Only the lines from the one holding "splendido appartamento cod.:288" to the end of the data should be echoed, exactly as they appear, minus the pictures.

--- START ---

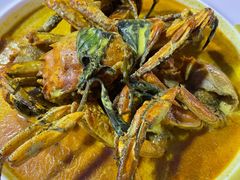 -红钳侠小龙虾·烧烤(中赢康康谷店)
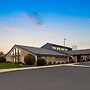 AmericInn by Wyndham Green Bay West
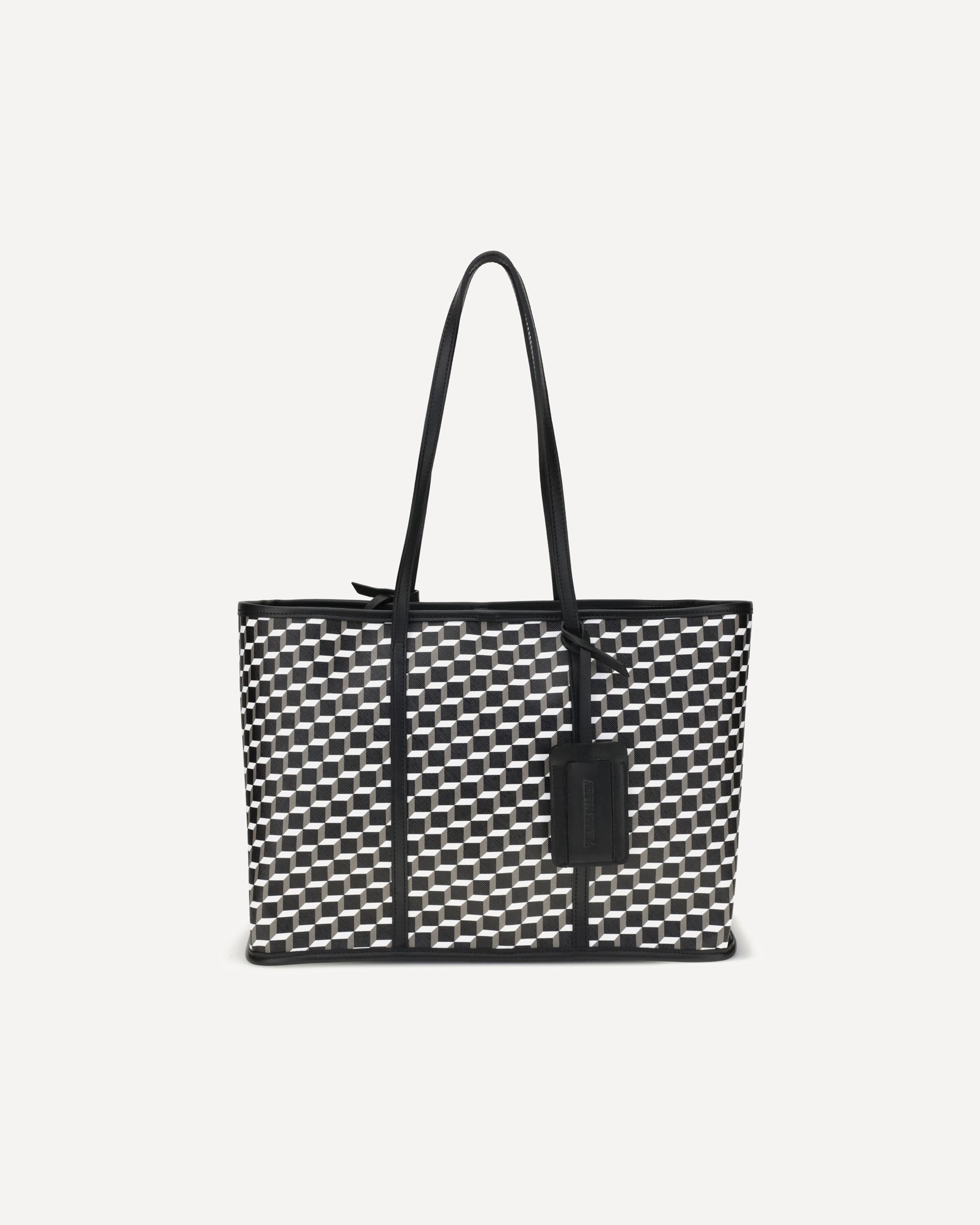 6DE228FD-5625-4796-8298-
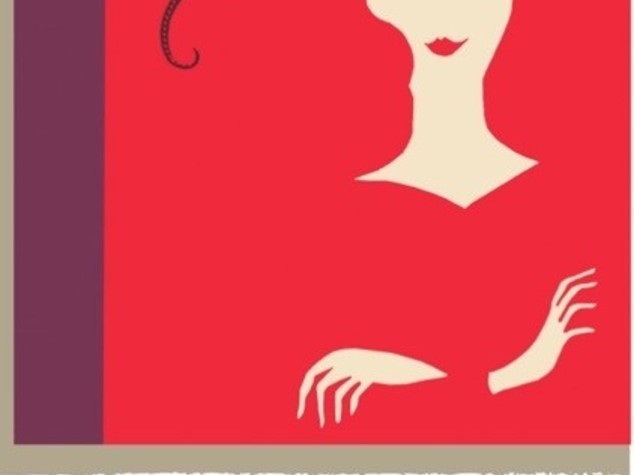 Libri, 'Coda senza lucertola' di Donata Kalliany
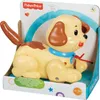 Fisher-Price Piccolo Snoopy Anteprima dell’immagine prodotto 11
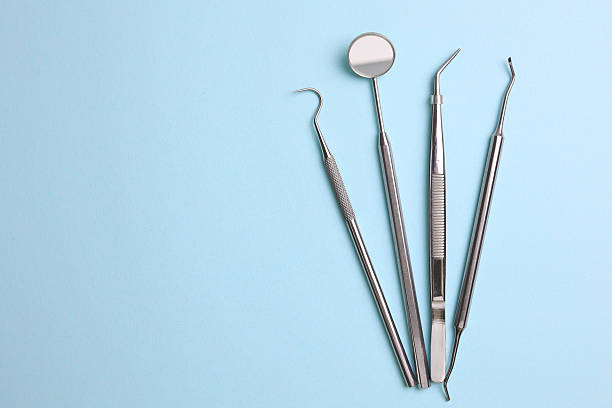 Trusted Dental Implants service in Middleville, MI - Dentist Open Now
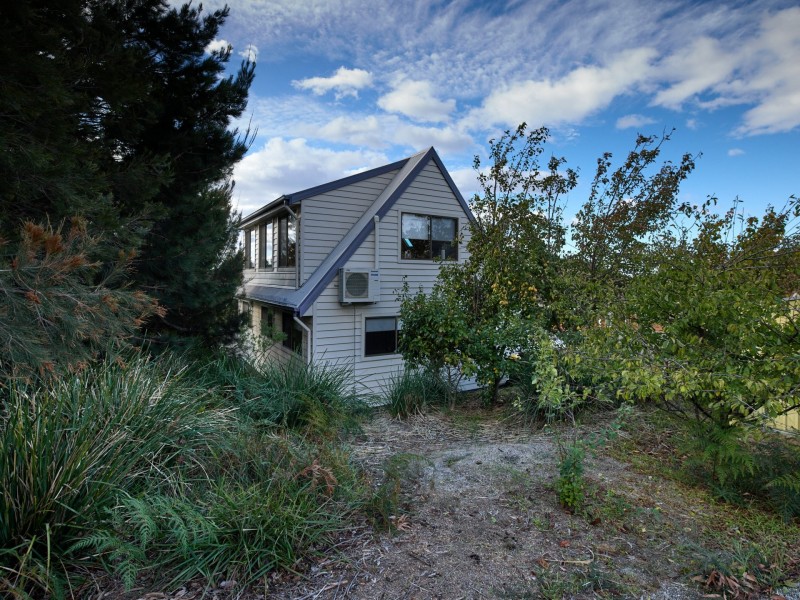 30 Tribe Street, Bicheno TAS 7215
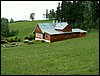 090608_PICT0012.JPG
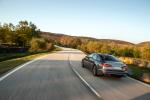 Audi A6 50 TDI Quattro S-Line 2018 года (WW)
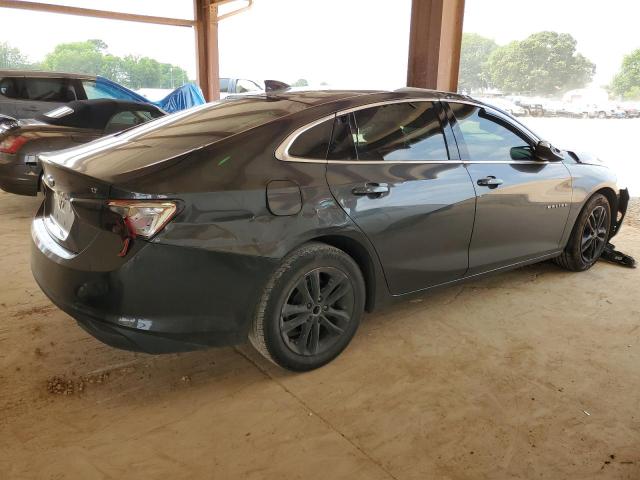 Photo 3 from auction – 2018 CHEVROLET MALIBU LT with VIN 1G1ZD5ST5JF254634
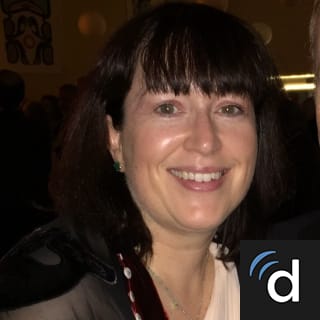 Catherine Buley, MD, Family Medicine, Juneau, AK
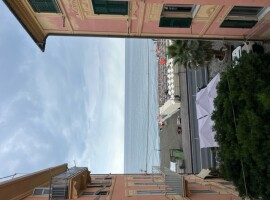 splendido appartamento cod.:288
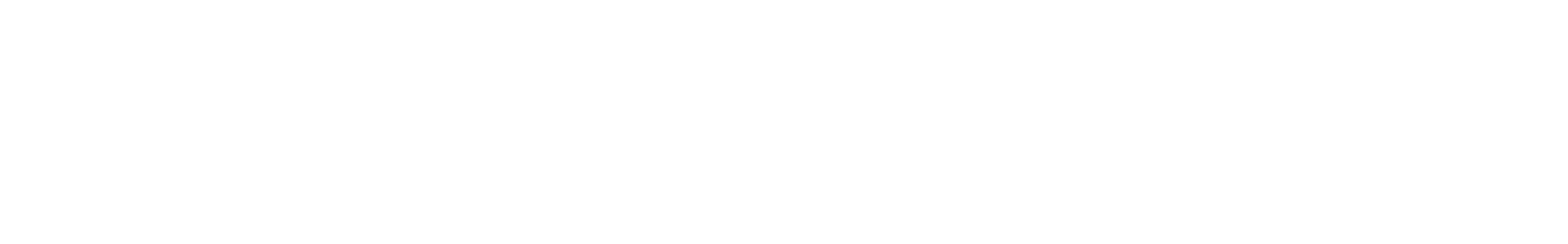 Sample waveform image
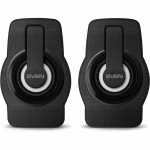 Компьютерные колонки Sven 255 SV-020149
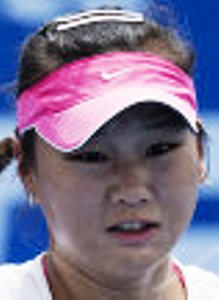 Hanyu Guo Hanyu Guo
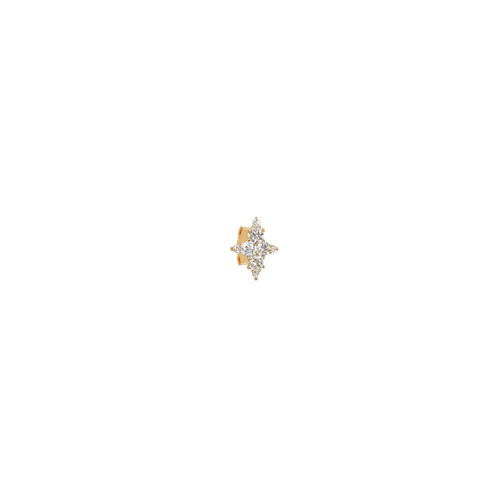 Constellation Stud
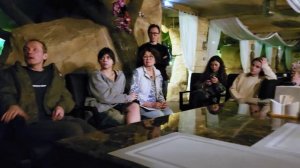 ✨НАЦИОНАЛЬНЫЙ КОНКУРС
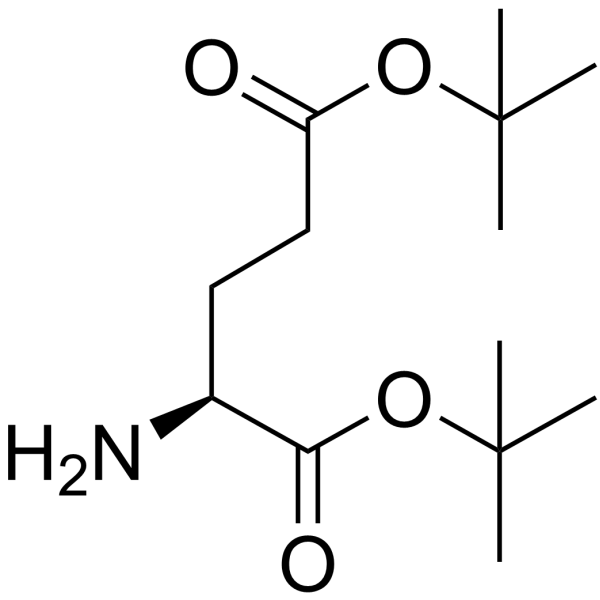 16874-06-9 structure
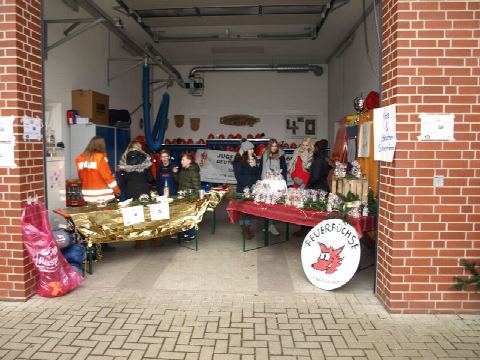 Foto 22 von 38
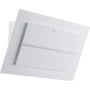 Вытяжка Franke FMPL 806 WH B
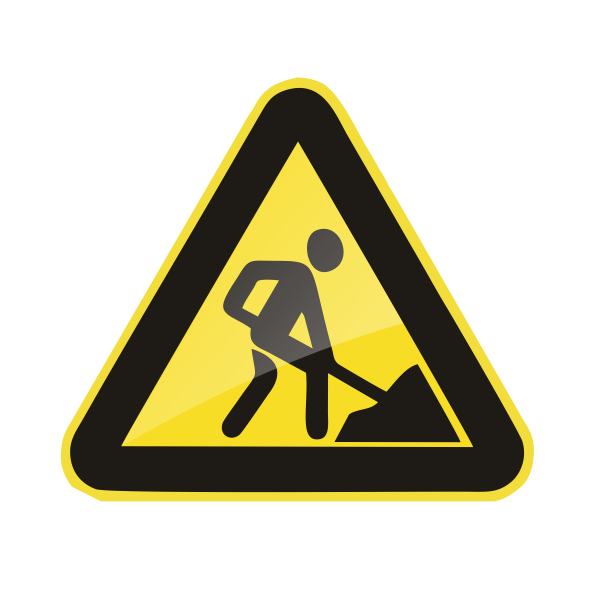 Tolyk (fistik.lens) Lens social identity (.lens handle) PFP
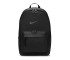 Plecak Nike Heritage DN3592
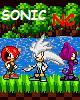 Go to 'Sonic NC' comic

--- END ---

**Problem solution:**
 splendido appartamento cod.:288
 Sample waveform image
 Компьютерные колонки Sven 255 SV-020149
 Hanyu Guo Hanyu Guo
 Constellation Stud
 ✨НАЦИОНАЛЬНЫЙ КОНКУРС
 16874-06-9 structure
 Foto 22 von 38
 Вытяжка Franke FMPL 806 WH B
 Tolyk (fistik.lens) Lens social identity (.lens handle) PFP
 Plecak Nike Heritage DN3592
 Go to 'Sonic NC' comic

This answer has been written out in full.